How Tempo Automation’s ‘smart factory’ works

On the front end, Tempo’s customers upload CAD files with their board designs and Bills of Materials (BOM) listing the required parts to be used. After performing feature extraction on the design and developing a virtual model of the finished product, the Tempo system, the platform (called Tempocom) creates a manufacturing plan and automatically programs the factory’s machines. Tempocom also creates work plans for the factory employees, uploading them to the networked IIoT mobile devices they all carry. Updated in real time based on design and process changes, this “digital traveler” tells workers where to go and what to work on next.

While Tempocom is planning and organizing the internal work of production, the system is also connected to supplier databases, seeking and ordering the parts that will be used in assembly, optimizing for speed of delivery to the Tempo factory.

Connecting the digital thread

“There could be up to 20 robots, 400 unique parts, and 25 people working on the factory floor to produce one order start to finish in a matter of hours,” explained Shashank Samala, Tempo’s co-founder and vice president of product in an email. Tempo “employs IIoT to automatically configure, operate, and monitor” the entire process, coordinated by a “connected manufacturing system” that creates an “unbroken digital thread from design intent of the engineer captured on the website, to suppliers distributed across the country, to robots and people on the factory floor.”

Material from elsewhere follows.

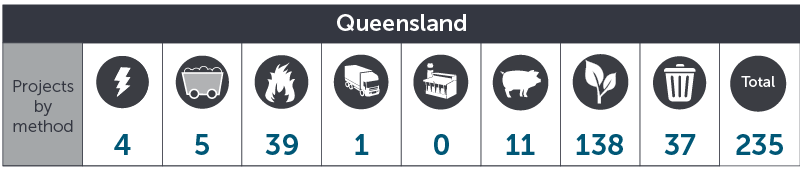 June 2018 QLD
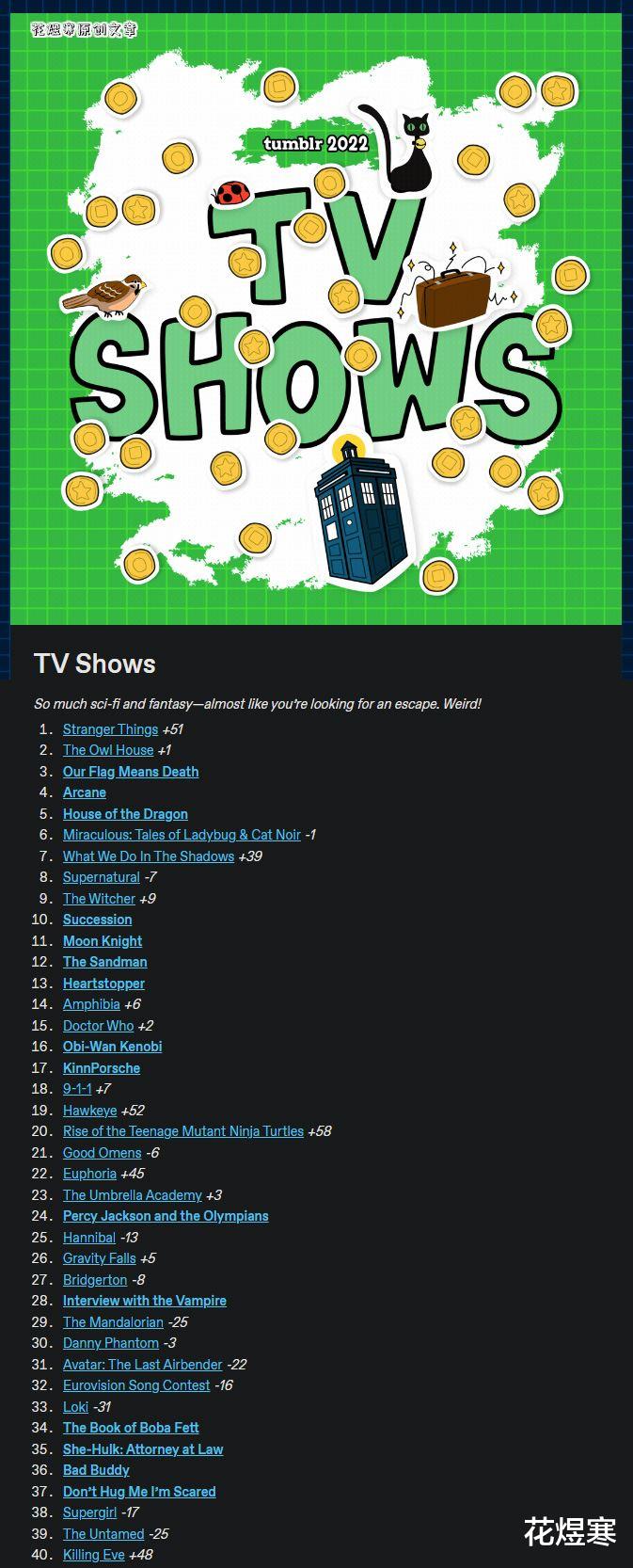 陈情令|从《陈情令》入围“全球100大电视剧”谈起,国产剧到底怎么了?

Rather than the machines on the floor functioning as “isolated islands of technology,” Samala added, Tempo Automation uses Amazon Web Services (AWS) GovCloud to network everything in a bi-directional feedback loop.

“After customers upload their design to the Tempo platform, our software extracts the design features and then streams relevant data down to all the devices, processes, and robots on the factory floor,” he said. “This loop then works the other way: As the robots build the products, they collect data and feedback about the design during production. This data is then streamed back through the Tempo secure cloud architecture to the customer as a ‘Production Forensics’ report.”

Samala claimed the system has “streamlined operations, improved collaboration, and simplified remote management and control.”

Traditional IoT, too

Of course, the Tempo factory isn’t all fancy, cutting-edge IIoT implementations. According to Ryan Saul, vice president of manufacturing, the plant also includes an array of IoT sensors that track temperature, humidity, equipment status, job progress, reported defects, and so on to help engineers and executives understand how the facility is operating.